An agent is a particular type of Entity. This means that the model can be used to express provenance of the agents themselves.

Software for checking the use of grammar in a document may be defined as an agent of a document preparation activity, and at the same time one can describe its provenance, including for instance the vendor and the version history.

There are some useful types of entities and agents that are commonly encountered in applications making data and documents available on the Web; we introduce them in the rest of this section.

A plan is an entity that represents a set of actions or steps intended by one or more agents to achieve some goals. There exist no prescriptive requirement on the nature of plans, their representation, the actions or steps they consist of, or their intended goals. Since plans may evolve over time, it may become necessary to track their provenance, so plans themselves are entities. Representing the plan explicitly in the provenance can be useful for various tasks: for example, to validate the execution as represented in the provenance record, to manage expectation failures, or to provide explanations.

A plan can be a blog post tutorial for how to set up a web server, a list of instructions for a micro-processor execution, a cook's written recipe for a chocolate cake, or a workflow for a scientific experiment.

Three types of agents are recognized because they are commonly encountered in applications making data and documents available on the Web: persons, software agents, and organizations.

A Web site and service selling books on the Web and the company hosting them are software agents and organizations, respectively.

A collection is an entity that provides a structure to some constituents, which are themselves entities.
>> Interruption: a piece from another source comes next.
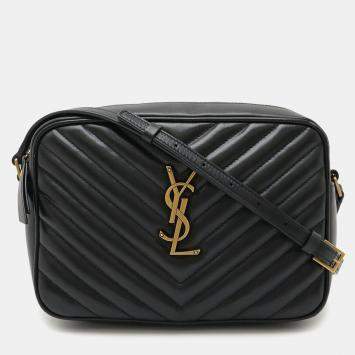 Pre Owned Saint Laurent Paris Ysl Lou Camera Bag Shoulder Black Leather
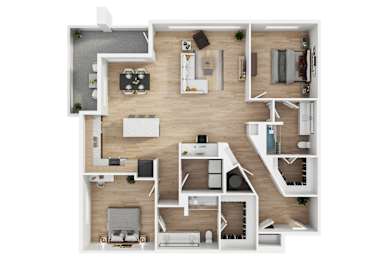 A top-down view of a house layout with a kitchen, living room, and two bedrooms.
These constituents are said to be member of the collections. This concept allows for the provenance of the collection, but also of its constituents to be expressed. Such a notion of collection corresponds to a wide variety of concrete data structures, such as a maps, dictionaries, or associative arrays.

An example of collection is an archive of documents. Each document has its own provenance, but the archive itself also has some provenance: who maintained it, which documents it contained at which point in time, how it was assembled, etc.
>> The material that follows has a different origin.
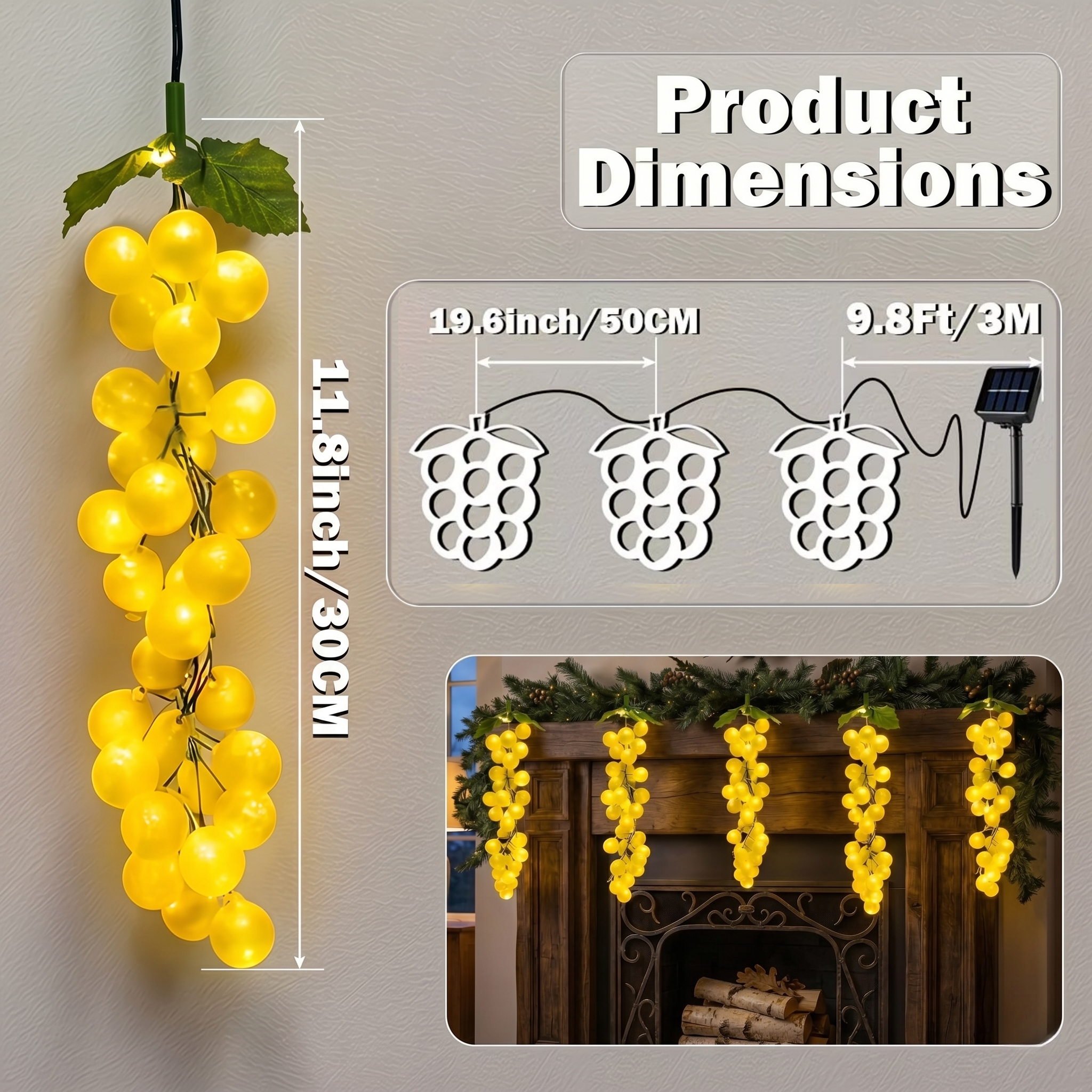 Solar & USB Grape Cluster Lights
An account is an entity that contains a bundle of provenance descriptions. Making an account an entity allows for provenance of provenance to be expressed.
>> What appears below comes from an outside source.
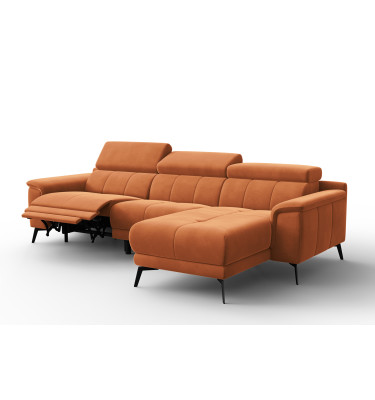 Canapé d'angle relax 4 places droit FIERO, tissu velours orange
For users to decide whether they can place their trust in a resource, they may want to analyze the resource's provenance, but also determine who its provenance is attributed to, and when it was generated. In other words, users need to be able to determine the provenance of provenance. Hence, provenance is also regarded as an entity (of type Account), by which provenance of provenance can then be expressed.

2.4 Attribution, Association, and Responsibility

Agents can be related to entities, activities, and other agents.

Attribution is the ascribing of an entity to an agent.

A blog post can be attributed to an author, a mobile phone to its manufacturer.

Agents are defined as having some kind of responsibility for activities. However, one may want to be more specific about the nature of an agent's responsibility. For example, a programmer and a researcher could both be associated with running a workflow, but it may not matter which programmer clicked the button to start the workflow while it would matter a lot which researcher told the programmer to do so.

Furthermore, provenance reflects activities that have occurred. In some cases, those activities reflect the execution of a plan that was designed in advance to guide the execution. A plan may be associated to an activity, which represents what was intended to happen.

An activity association is an assignment of responsibility to an agent for an activity, indicating that the agent had a role in the activity. It further allows for a plan to be specified, which is the plan intended by the agent to achieve some goals in the context of this activity.

Examples of association between an activity and an agent are:

  • creation of a web page under the guidance of a designer;
  • various forms of participation in a panel discussion, including audience member, panelist, or panel chair;
  • a public event, sponsored by a company, and hosted by a museum;
  • an XSLT transform launched by a user based on an XSL style sheet (a plan).

Responsibility is the fact that an agent is accountable for the actions of a "subordinate" agent, in the context of an activity. The nature of this relation is intended to be broad, including delegation or contractual relation.

A student publishing a web page describing an academic department could result in both the student and the department being agents associated with the activity, and it may not matter which student published a web page but it matters a lot that the department told the student to put up the web page.

2.5 Simplified Overview Diagram

So far, we have introduced a series of concepts underpinning provenance. PROV-DM is a conceptual data model consisting of types and relations between these. Table (Mapping of Provenance concepts to types and relations in PROV-DM) shows how provenance concepts can be mapped to types and relations in PROV-DM: the first column lists concepts introduced in this section, the second column indicates whether a concept maps to a type or a relation, whereas the third column contains the corresponding name. We note that names of relations have a verbal form in the past tense to express what happened in the past, as opposed to what may or will happen.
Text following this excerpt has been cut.